Slurry hydrocracking processes involve the processing of a mixture of residue and fine particulate catalyst in an upflow reactor in a hydrogen-rich environment. This reaction environment facilitates very high conversion of residue to liquid products, particularly distillate boiling-range components. One example of a slurry hydrocracking process is shown in FIG. 1. Liquid feed 5 and recycle gas 10 are heated to temperature in separate heaters 15, 20 with a small portion of the recycle gas stream and the required amount of catalyst being routed through the oil heater. The outlet streams 25, 30 from both heaters 15, 20 are fed to the bottom of the slurry reactor zone 35. The reactor effluent 40 is quenched at the reactor outlet to terminate reactions and then flows to a series of separators 45, 50, 55, 60 with gas 10 being recycled back to the reactor. Liquids flow to the unit's fractionation section 65, 70 for recovery of light ends 75, naphtha 80, diesel 85, light and heavy vacuum gas oils 90, 95, and unconverted feed (pitch) 100. Heavy vacuum gas oil 105 is partially recycled to the reactor for further conversion.
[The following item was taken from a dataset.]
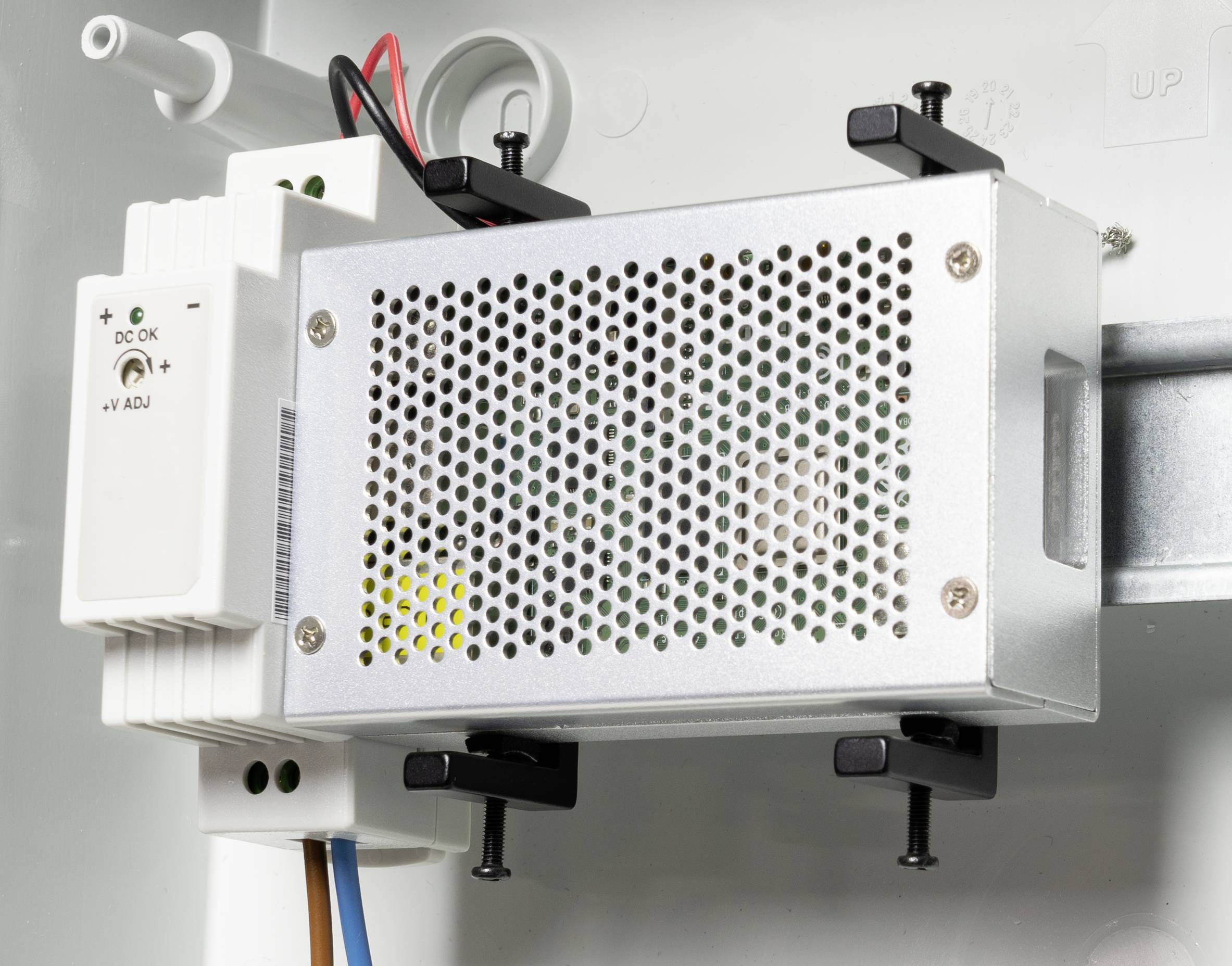 Metallene, perforierte Abdeckung einer elektrischen Komponente, befestigt mit Schrauben. Daneben ein kleines weißes Modul mit einer grünen LED.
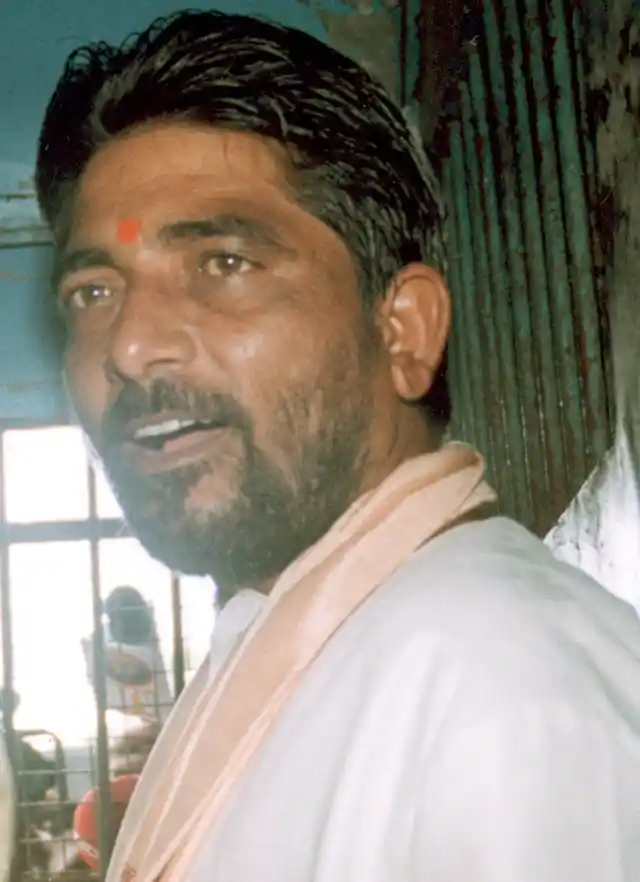 Hindu activist and ringleader Dara Singh is seated in a police van in Bhubaneswar.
Catalyst is lost during the process, and fresh catalyst makeup is required. In some processes, the fresh catalyst makeup can be up to 1 wt % or more. In addition, the processes can produce about 2-20 wt % pitch. The amount of catalyst in the pitch, and the small size of the catalyst particles, e.g., less than 1 μm, make it difficult to recover the catalyst particles using simple separation techniques.
There is a need for a process for recovering catalyst used in a slurry hydrocracking process.